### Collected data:
============================================================

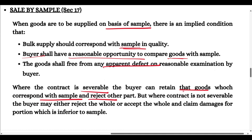If the contract is severable, the buyer can choose to reject the goods or accept and retain the goods depending on the situation.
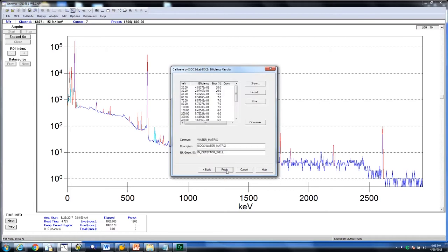You will be presented with the input values that were just created in Geometry Composer. The values show the energy followed by the efficiency for each energy and the uncertainty or error in percent for each particular point.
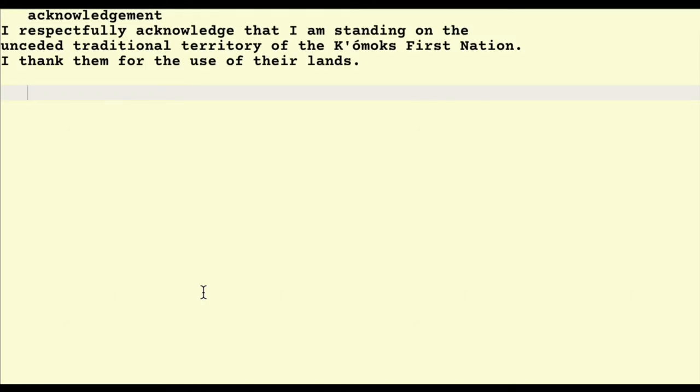As I begin this video, I respectfully acknowledge that I'm standing in the unceded traditional territory of the Comox First Nation, and I thank them for the use of their lands.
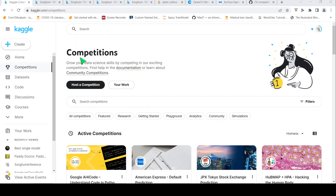This is Ritesh Srinivasan and welcome to my channel. In this video I would like to share my framework of how I learn data science skills from Kaggle competitions.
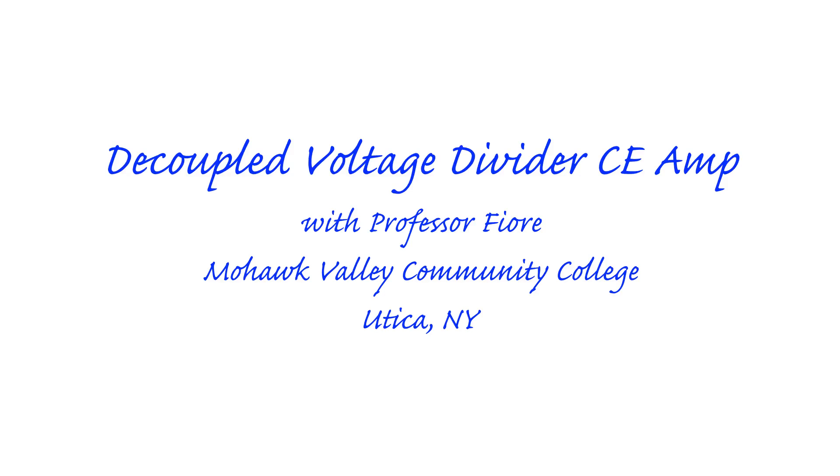Greetings folks, Professor Fiore back. Today we're going to look at a voltage divider bias bipolar junction transistor circuit, but we're going to take a slightly different approach to this.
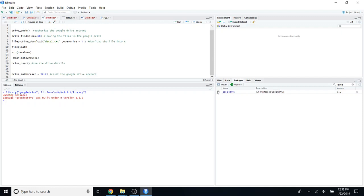After that, the next step is you have to give RStudio the authorization to access your files from your Google Drive. In order to do that, you can use the `drive_auth` function — just run this code.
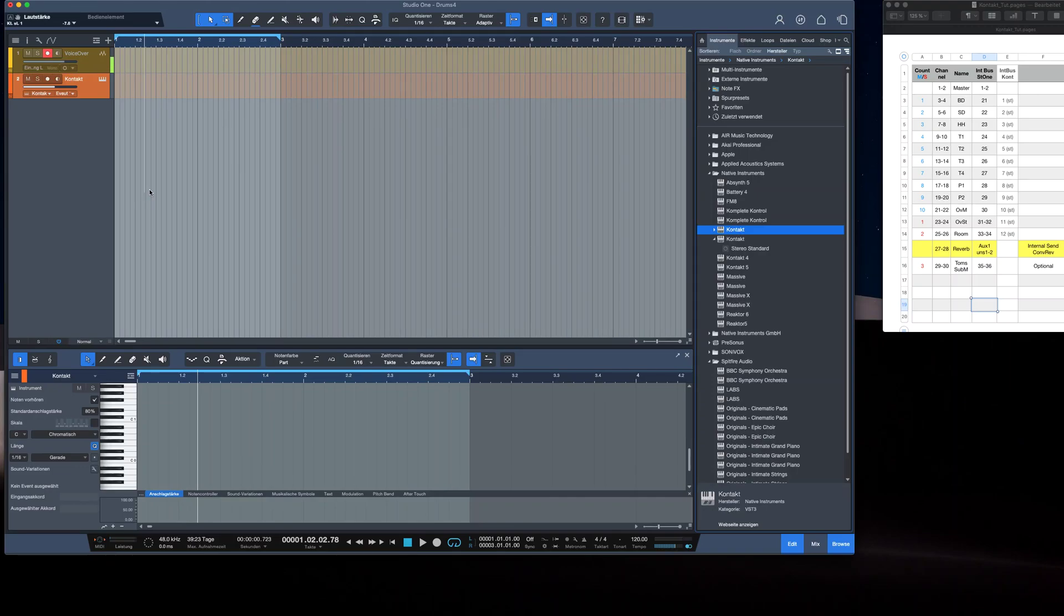So here we go. Contact multi-channel output in Studio One. It cost me a thousand hours and my nerves.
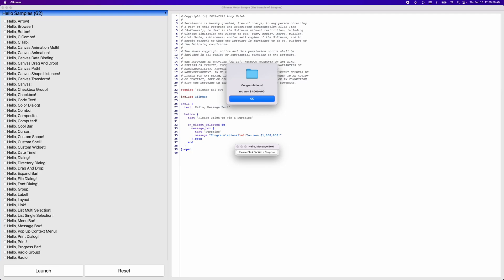We're running on the latest Mac, Mac Monterey, and Mac Monterey basically changed the style of message boxes so that it does not have a title anymore. It's simpler. However, on Windows and Linux, you should still see the title and as well as older versions of Mac.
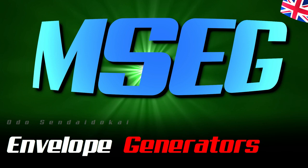Hello and a very warm welcome! My name is Odo Sendaidukai and in this video I explain everything about MSEGs, the Multi-Stage Envelope Generators. It would be great if you would leave me a like and a subscription, then let's get started.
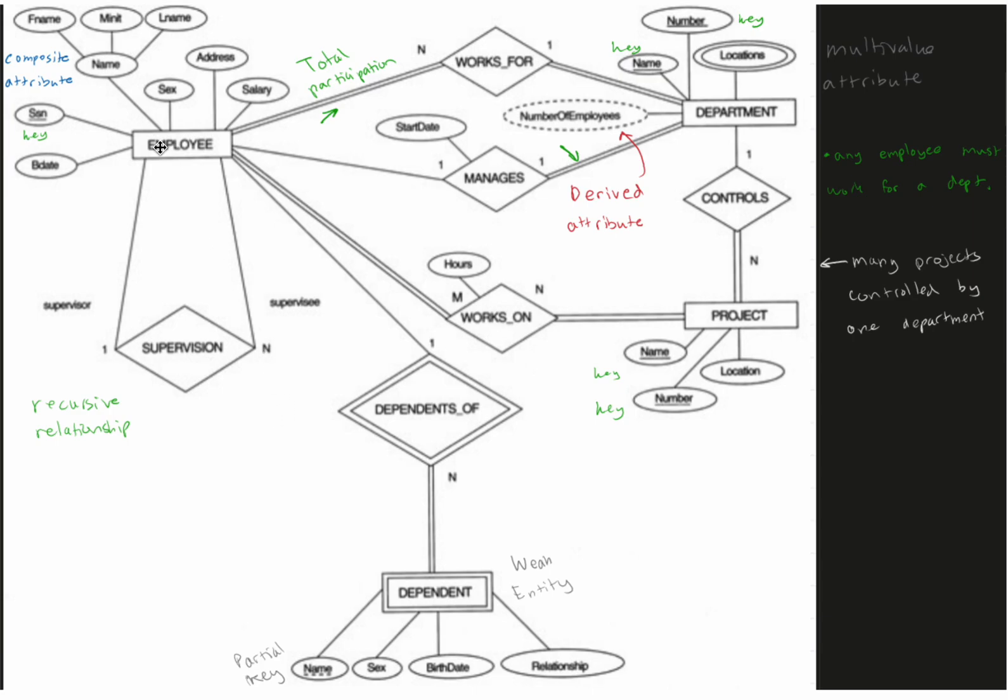They also have a composite attribute, and a composite attribute can have more than one attribute. It's basically divided into smaller sub parts. So we have name and then our first name, middle initial, last name.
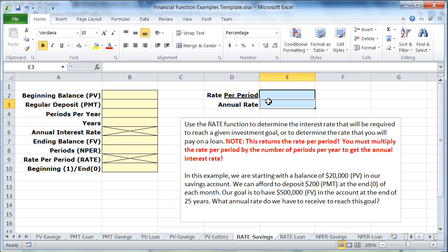In this video we're going to take a look at the use of the RATE function in Excel. The RATE function is used to determine the interest rate that you would be required to have in order to reach a given investment goal.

============================================================

### Directions:
From the first line of the records through the line containing "After that, the", please output exactly those lines and nothing more, leaving out the pictures.

### Written reply:
If the contract is severable, the buyer can choose to reject the goods or accept and retain the goods depending on the situation.
You will be presented with the input values that were just created in Geometry Composer. The values show the energy followed by the efficiency for each energy and the uncertainty or error in percent for each particular point.
As I begin this video, I respectfully acknowledge that I'm standing in the unceded traditional territory of the Comox First Nation, and I thank them for the use of their lands.
This is Ritesh Srinivasan and welcome to my channel. In this video I would like to share my framework of how I learn data science skills from Kaggle competitions.
Greetings folks, Professor Fiore back. Today we're going to look at a voltage divider bias bipolar junction transistor circuit, but we're going to take a slightly different approach to this.
After that, the next step is you have to give RStudio the authorization to access your files from your Google Drive. In order to do that, you can use the `drive_auth` function — just run this code.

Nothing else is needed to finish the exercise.